WHAT THIS TASK INVOLVES => Skip the pictures. Output only the lines below starting at the line with "Sculpted Madonna and" and ending at the line with "8802 Southwest 135th", both ends included, exactly as they are.

AVAILABLE RECORDS =>
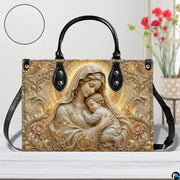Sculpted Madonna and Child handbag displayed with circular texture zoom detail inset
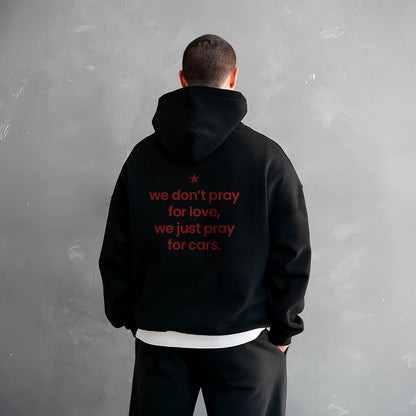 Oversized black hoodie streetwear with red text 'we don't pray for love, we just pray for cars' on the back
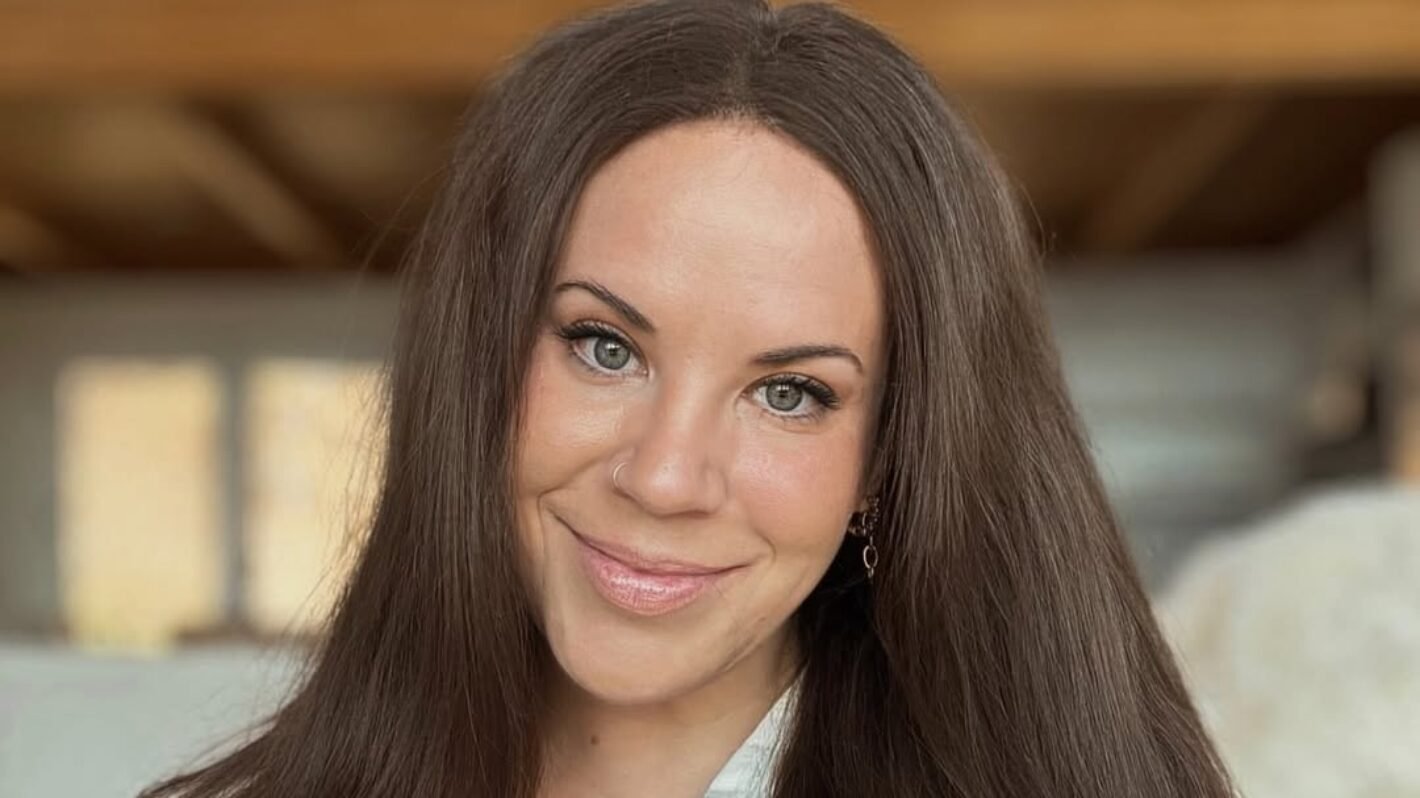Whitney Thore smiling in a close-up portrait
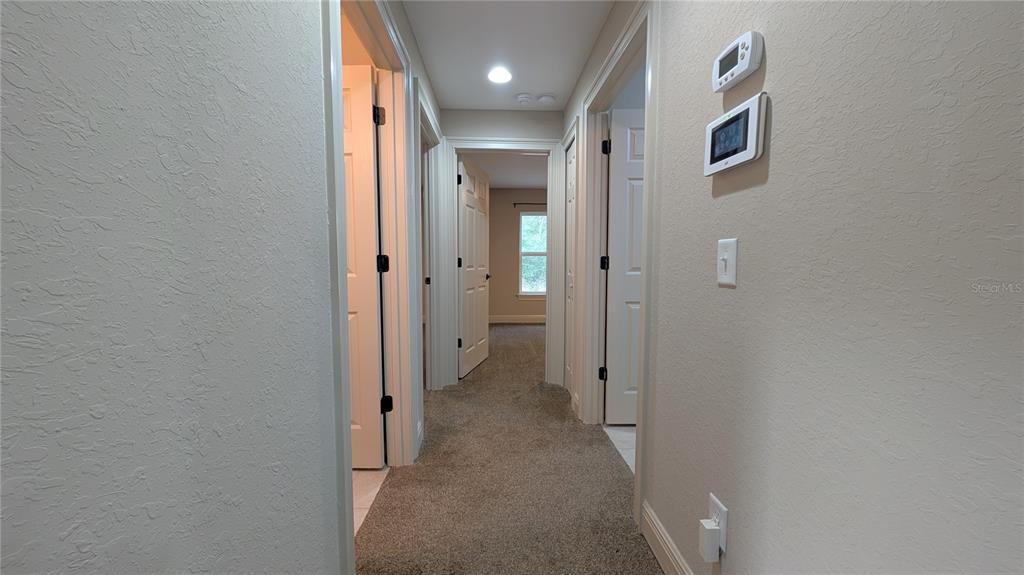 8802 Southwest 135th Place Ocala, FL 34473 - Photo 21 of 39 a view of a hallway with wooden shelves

---

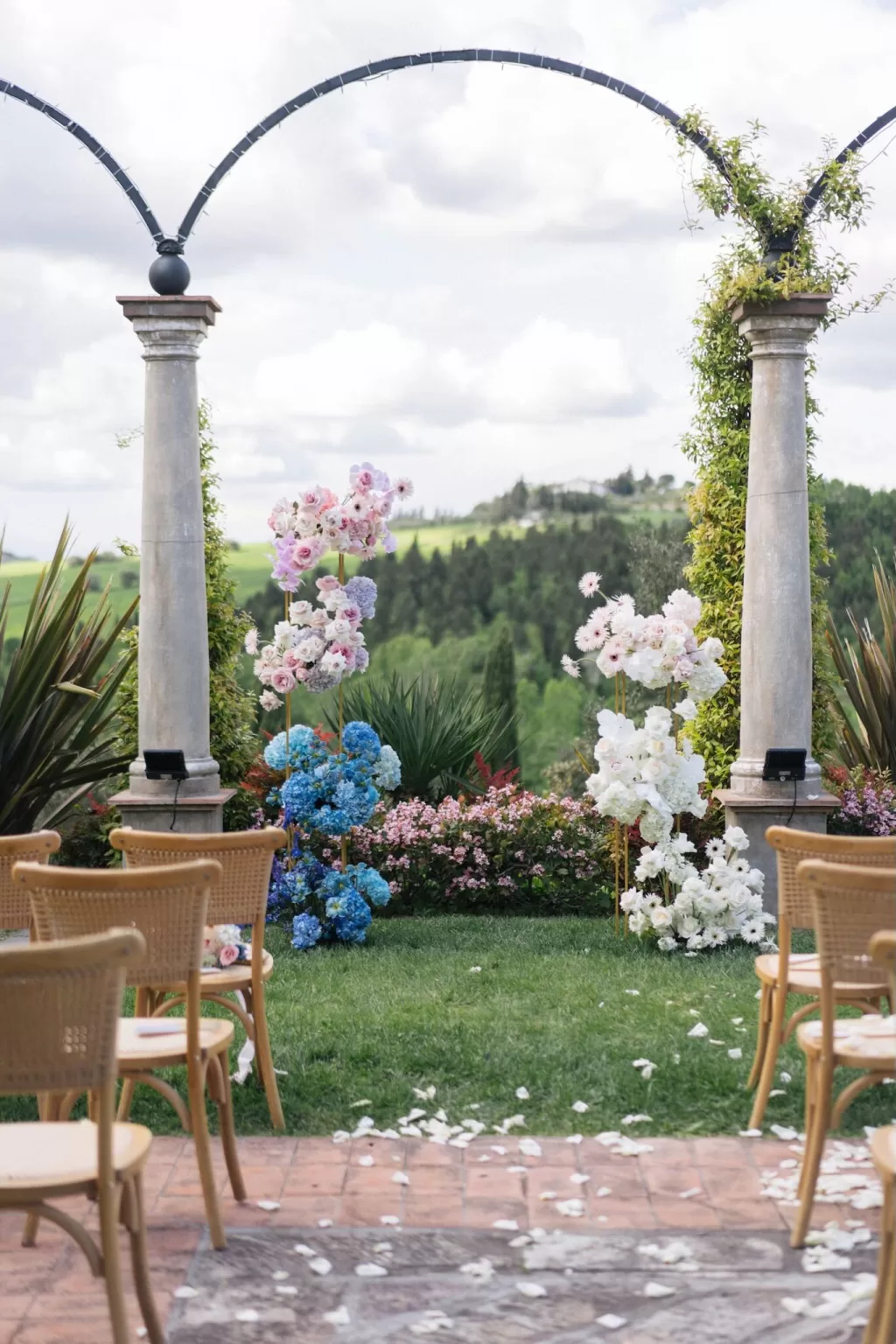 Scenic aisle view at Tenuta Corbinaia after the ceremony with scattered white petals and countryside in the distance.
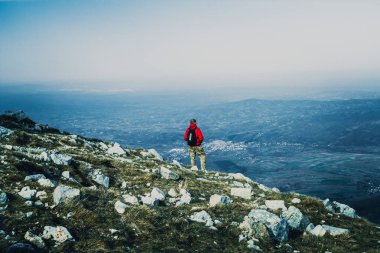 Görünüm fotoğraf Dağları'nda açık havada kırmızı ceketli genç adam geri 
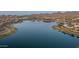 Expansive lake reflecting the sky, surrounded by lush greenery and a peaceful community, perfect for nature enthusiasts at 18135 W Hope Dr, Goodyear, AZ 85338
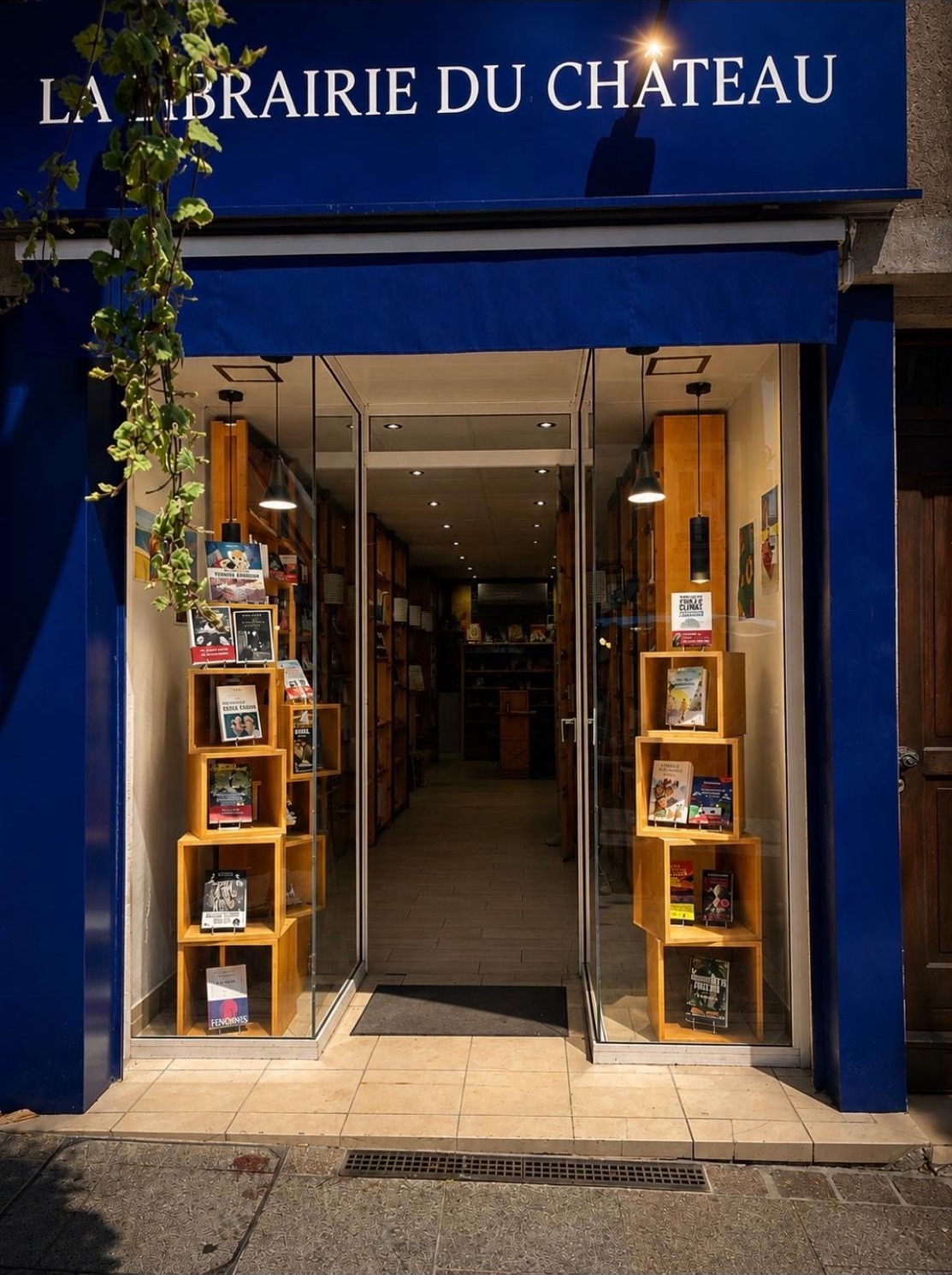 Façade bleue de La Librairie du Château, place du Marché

WRITTEN SOLUTION =>
Sculpted Madonna and Child handbag displayed with circular texture zoom detail inset
 Oversized black hoodie streetwear with red text 'we don't pray for love, we just pray for cars' on the back
Whitney Thore smiling in a close-up portrait
 8802 Southwest 135th Place Ocala, FL 34473 - Photo 21 of 39 a view of a hallway with wooden shelves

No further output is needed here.